Histogram using ggpubr

  1. Recreating a histogram with binwidth of 4, using ggpubr:
# Load the ggpubr package for enhanced ggplot2-based plotting
library(ggpubr)

# Create a histogram using gghistogram from ggpubr
gghistogram(tb, 
            x = "mpg",  # Set 'mpg' as the variable for histogram
            binwidth = 4,  # Set the width of bins in the histogram
            add = "mean",  # Add a line indicating the mean of 'mpg'
            rug = TRUE,  # Add a rug plot to show individual data points
            color = "black",  # Set the color of bins to black
            fill = "lightpink",  # Set the fill color of bins to light pink
            title = "Histogram of Mileage, (binwidth = 4)"
)

  1. Discussion:
  • Here, we’re invoking the gghistogram() function from ggpubr to craft a histogram. The data source is specified as tb, and the variable of interest is mpg.

  • x = "mpg": This denotes the variable from tb we’re visualizing.

  • binwidth = 4: Each bin in the histogram will span a range of 4 units of mpg.

  • add = "mean": Superimposes the mean of mpg on the histogram.

  • rug = TRUE: Includes a rug plot at the base, which displays individual data points.

  • color = "black": The outline of the bars will be in black.

  • fill = "lightpink": Bars in the histogram will be filled with a light pink shade.

  • title =: Gives a descriptive title to the histogram.

  • In sum, we’re visualizing the distribution of the mpg variable from the tb dataset as a light pink histogram, emphasized with black borders, with a bin width of 4 units. We’ve also marked the mean value and showcased individual data points as a rug plot beneath the histogram. [2]

  1. Recreating a histogram with 8 bins, using package ggpubr:
# Load the ggpubr package
library(ggpubr)

# Create a histogram of the 'mpg' variable from the tb dataset
gghistogram(tb, 
            x = "mpg",  # Specify 'mpg' for the x-axis
            bins = 8,  # Set the number of bins to 8
            add = "median",  # Add a line indicating the median
            rug = TRUE,  # rug plot to show individual data points
            color = "black",  # color the histogram bins black
            fill = "lightpink",  # fill color of the bins light pink
            title = "Histogram of Mileage, showing median (bins = 8)" 
)

  1. Discussion:

In essence, the difference is that this code visualizes the mpg data from the tb dataset as a histogram with 8 bins, set using bins = 8. [2]

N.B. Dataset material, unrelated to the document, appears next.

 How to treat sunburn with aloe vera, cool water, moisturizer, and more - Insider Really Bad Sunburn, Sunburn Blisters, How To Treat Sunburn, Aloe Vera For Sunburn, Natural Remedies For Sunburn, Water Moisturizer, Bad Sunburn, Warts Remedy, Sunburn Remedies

Probability Density Function (PDF) plot using ggplot2

  1. Recall that this type of plot shows the distribution of a single variable, and the area under the curve represents the probability of an observation falling within a particular range of values. The following code generates it using ggplot2:
# Use ggplot2 to create a density plot of mpg values from the tb dataset
ggplot(tb, aes(x = mpg)) +
  geom_density(fill = "gold") +  # density plot with gold fill color
  theme_minimal() +  # Apply a minimal theme for a clean  appearance
  labs(title = "Probability Density Function of Miles Per Gallon (mpg)",  
       x = "Miles Per Gallon (mpg)",  # Label for the x-axis
       y = "density")  # Label for the y-axis

  1. Discussion:
  • We designate our data source and the aesthetic mappings using the ggplot() function. The aesthetic mapping for x is mpg.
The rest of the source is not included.